Life History, mating, marriage

Pattern of exogamy (endogamy):

“I will draw the reader's attention to a peculiarity not very frequent among the Bantu: the Wagenia take wives from their clan as well as neighboring clans, and sometimes from among foreigners.” (Source 4)

Pregnancy customs

“Dr. Price’s pertinent question...lead me to record the custom of another tribe (Lokele) of primitive forest folk in the Belgian Congo. The cord is never severed until the placenta is delivered. The mother is then handed a native razor, which she strops on her bare thigh. She then cuts the cord herself, about 8 to 10 in long, milks out the contained blood, and spits on the end; no ligature is applied. The strength of conviction against severing the cord while the child, alive or dead, is still joined to its mother is such that I have known a woman brought to hospital after a two-days journey in canoe for removal of retained placenta, to which the dead child was still attached.” (Source 11)

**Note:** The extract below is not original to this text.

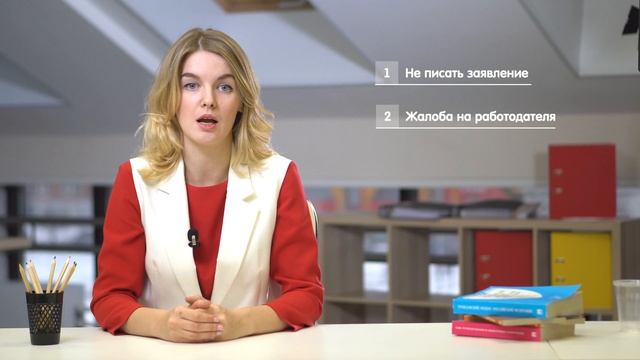 Заставляют уволиться. Что делать? / Юридический центр МОИ ПРАВА смотреть онлайн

Evidence of early sexuality:

“One might argue that the boys older than ten years of age progressively less associated themselves with girls, yet sought contact in another way. The first courtship behaviours, of which the boys boasted, occurred at this age. Already at an earlier age the boys where acquainted with the meaning of their sex. They knew unmistakably the purpose of sexual difference and appeared entirely at ease with their future role. Two novices aged five and seven years staged a demonstration of sexual intercourse suggestive of a thorough knowledgeability. Observing the curvaceous contours of our son's toy swan, one three-year-old boy called out: ‘Look, she's pregnant!’” (Source 14)

Lokele People

Socio-Political organization and interaction

Village and house organization:

“The Wagenia villages do not make a particularly favorable impression. Their huts are built low and covered with banana leaves; they are also dirty and kept in a semiruinous state. They are set in rows, forming streets, and are divided up into sections by means of fences. Every house has a small porch that is usually filled with clouds of smoke emanating from the door. Here the women and unoccupied men are seated, pounding manioc with wooden (or, more rarely, ivory) pestles, or making fishing utensils, or doing other such tasks. One almost never sees dogs in the villages, and goats and chickens are also rare. Along the shore there is always a good deal of activity; the loaded canoes dock there, and there is a sort of permanent market going on. The noise produced there is horrendous, with the women literally delivering orations accompanied by enraged facial expressions.” (Source 13)

Trade:

“The Wagenia [a Lokele tribe], not being farmers, sought bananas from the Ya-Sanga in exchange for their fish.” (Source 4)

“The raphia vinifera, which used to be cultivated for its fibre before the introduction of the cloth trade, is now only used for the production of palm wine, which forms an important part of trade between the Babole of the interior and the Lokele on the river.” (Source 7)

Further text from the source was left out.